To zasługa należącego do Sundragona iławskiego zakładu RSY remontującego dieslowskie silniki do bojowych wozów piechoty, czołgów, samobieżnych wyrzutni rakietowych czy pomocniczego sprzętu pływającego Marynarki Wojennej i Straży Granicznej.
– Remontujemy zespoły napędowe dla cywilnych pojazdów także szynowych, m.in. współpracujemy z bydgoską Pesą, ale to zamówienia wojskowe napędzają dziś remontowy biznes – przyznaje Szymon Klimaszyk, wiceprezes Sundragona. Szef iławskich zakładów działających w silnikowej branży od 1953 r. zdradza, że odkąd wybuchła wojna w Ukrainie, firma jest pod ochroną kontrwywiadowczą i ma rygorystyczny zakaz informowania o szczegółach militarnych zleceń.
– Nie da się jednak ukryć, że zadania wykonywane dla wojska – głównie zamówienia na remonty silników do wozów bojowych pozyskane w przetargach MON – pozwoliły znacząco zwiększyć przychody warmińsko-mazurskiej spółki – mówi Klimaszyk.

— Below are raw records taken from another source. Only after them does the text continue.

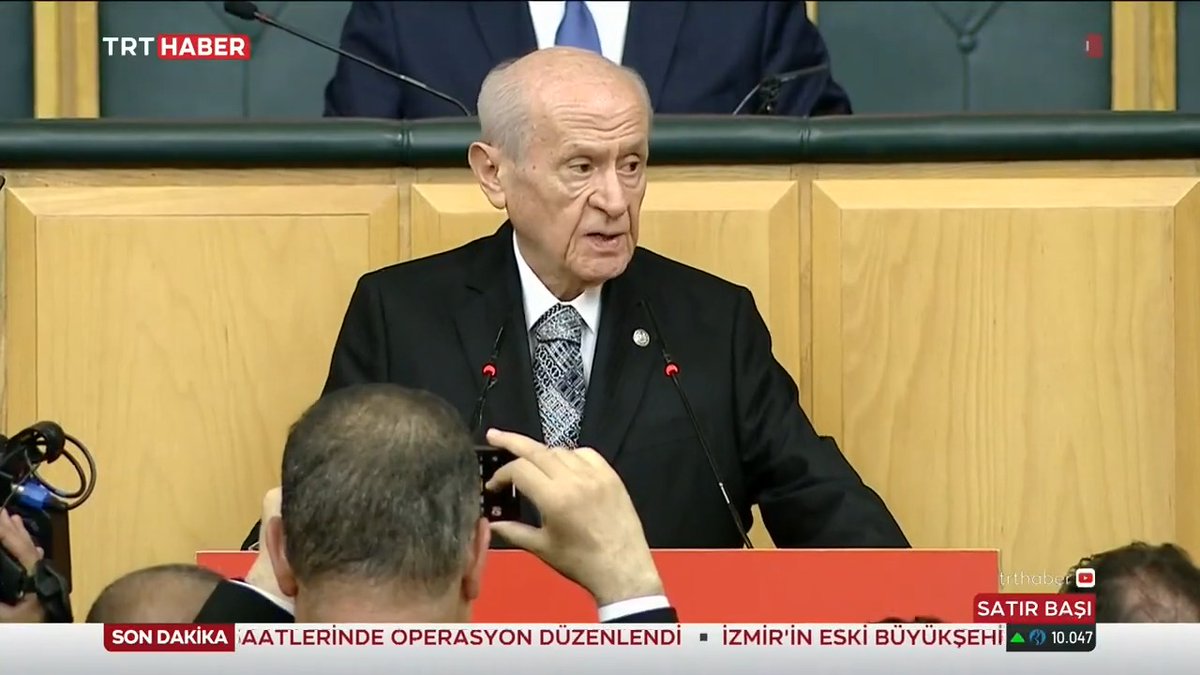 🔴 MHP Genel Başkanı Devlet Bahçeli: "Sözde mizah dergisinde Efendimiz Resulullah'a yapılan iğrenç saldırıyı nefretle lanetliyorum."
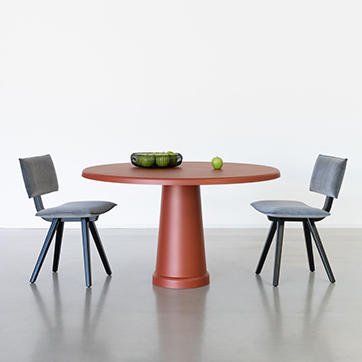 Mesa All-Round da marca Magis Design, na cor bronze e ambientada.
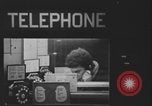 Standbild Ein Teenager-Paar Kanada, 1968, aus Sekunde 5 historischem Filmmaterial Videoclip 65675078440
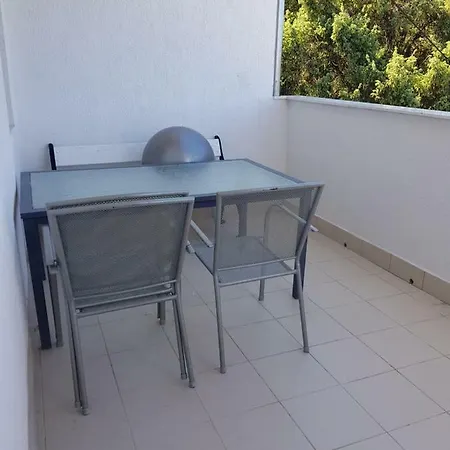 Holiday House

Sundragon w zeszłym roku w bieżących raportach ujawnił, że sporo zarobił przede wszystkim na zleconych przez wojsko naprawach silników m.in. w kilkudziesięciu bojowych wozach piechoty (BWP-1). Z rządowych informacji w 2022 r. można było natomiast wyczytać, że Polska przekazała Ukrainie kilkaset używanych bwp z zasobów MON.
Z ustaleń „Parkietu” wynika, że Sundragon/RSY, dziś jeden z największych w kraju ośrodków napraw i serwisowania silników Diesla, od lat wykorzystuje swoje kompetencje do usprawniania napędów czołgów z rodziny T-72 czy PT-91 Twardy, a nawet eksploatowanych nadal w wojsku wyrzutni rakietowych rosyjskiej produkcji Osa i KUB, wywodzących się czasów Układu Warszawskiego. Według nieoficjalnych źródeł te rakietowe zestawy przeciwlotnicze Polska także dostarczała w minionym roku siłom zbrojnym Ukrainy.